In 1993, Love sued Spector for past royalties and was awarded $250,000.

“I was the only one that sued him and won … that never happened before, especially to him,” she said.

Named one of Rolling Stone Magazine’s 100 Greatest Singers, Love looks to another chance meeting as the launchpad for her next career phase.

“I did a show that Steve Van Zandt and Bruce Springsteen came to see, and he always from the first time he met me said, ‘I want to record you’ and I said ‘OK.’” Van Zandt said she’d have to come to New York. The pair became and stayed friends, “I tell him, ‘You are the reason I live in New York.’”

It was 30 years before Van Zandt and Love went into the studio together to record the song he wrote, “All Alone on Christmas,” for the movie “Home Alone 2: Lost in New York.” Later, the pair collaborated on what Love considers her best rock and roll album, “Introducing Darlene Love.”

Why introducing?

“By then, I had been inducted to the Rock and Roll Hall of Fame. I’d done a show with Bruce Spingsteen at the Garden and people wondered, ‘Who is Darlene Love? Who recorded “He’s a Rebel,” who recorded all those hit songs?’”

Her life path had its low points. Love tells of cleaning houses when her solo endeavor stalled. Still, she said, “I kept my mind where I was trying to go. My mind, my heart and my spirit, was staying strong in what I believed.”

Once other entertainers in the industry learned hers was the voice behind an array of hits, encouragement flowed. Elton John, she recalled, “sent me flowers, I don’t know how they got them through the door.” He and stars like Stevie Wonder would call telling her to stay strong.

A legend herself to music insiders, Love sang with constellations of musical stars — Marvin Gaye, Luther Vandross, Bette Midler, Bobby Darin.

Who’s left? Who would she like to sing with now?

“Oh, Adele. Without doubt.” She said. “I would love to sing with her. I just love the whole thing about her, how she comes on stage, how she attacks songs.

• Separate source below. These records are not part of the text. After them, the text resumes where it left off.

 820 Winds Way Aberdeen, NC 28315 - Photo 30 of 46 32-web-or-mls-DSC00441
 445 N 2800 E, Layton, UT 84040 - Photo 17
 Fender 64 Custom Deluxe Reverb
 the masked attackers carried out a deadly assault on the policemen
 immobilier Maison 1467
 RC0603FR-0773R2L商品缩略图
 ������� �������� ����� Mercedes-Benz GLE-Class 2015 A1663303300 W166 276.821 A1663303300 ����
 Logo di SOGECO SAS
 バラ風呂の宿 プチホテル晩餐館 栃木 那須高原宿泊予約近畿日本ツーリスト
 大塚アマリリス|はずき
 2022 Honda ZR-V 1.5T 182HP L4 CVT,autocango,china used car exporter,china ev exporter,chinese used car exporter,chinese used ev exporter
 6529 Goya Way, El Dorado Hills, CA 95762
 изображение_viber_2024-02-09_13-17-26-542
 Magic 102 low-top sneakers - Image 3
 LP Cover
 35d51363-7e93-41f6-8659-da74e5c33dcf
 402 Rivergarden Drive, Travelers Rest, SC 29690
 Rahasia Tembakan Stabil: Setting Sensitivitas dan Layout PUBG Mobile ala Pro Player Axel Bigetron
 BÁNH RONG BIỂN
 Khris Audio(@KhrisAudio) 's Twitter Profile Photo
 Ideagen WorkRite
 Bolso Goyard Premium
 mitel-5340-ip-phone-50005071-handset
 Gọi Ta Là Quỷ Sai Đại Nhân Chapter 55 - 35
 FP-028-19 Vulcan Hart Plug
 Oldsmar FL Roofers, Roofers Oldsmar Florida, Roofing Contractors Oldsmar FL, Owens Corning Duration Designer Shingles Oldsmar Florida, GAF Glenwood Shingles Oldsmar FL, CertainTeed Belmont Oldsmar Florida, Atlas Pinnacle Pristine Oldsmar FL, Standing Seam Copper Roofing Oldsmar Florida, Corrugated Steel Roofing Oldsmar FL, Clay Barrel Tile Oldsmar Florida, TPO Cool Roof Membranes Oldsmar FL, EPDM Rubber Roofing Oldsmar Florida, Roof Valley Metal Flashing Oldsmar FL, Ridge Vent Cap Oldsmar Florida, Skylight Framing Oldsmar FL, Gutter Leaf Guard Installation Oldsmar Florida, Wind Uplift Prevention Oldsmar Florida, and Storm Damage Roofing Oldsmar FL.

I would love to work with her.”

Reflecting on the changes to the industry over the course of her six decade-plus career, Love noted that few young people today would know who recording labels like Capital Records even are. She credits “the rappers” with the seismic transformation that moved the power away from record companies like Spector’s Philles Records.

“They produce their own records, sell their own records, distribute their own records … they make all their own money,” she observed. Applauding the change, she affirmed, “Now, it’s the entertainer’s time.”

Between now and the end of December this year, it’s Darlene Love’s time. Her Love for the Holidays tour has 10 shows booked, including the one in Westhampton Beach this Saturday night.

Darlene love performs at the Westhampton Beach Performing Arts Center on Saturday, November 20, at 8 p.m. Tickets are $81 to $101 at whbpac.org. The theater is at 76 Main Street in Westhampton Beach.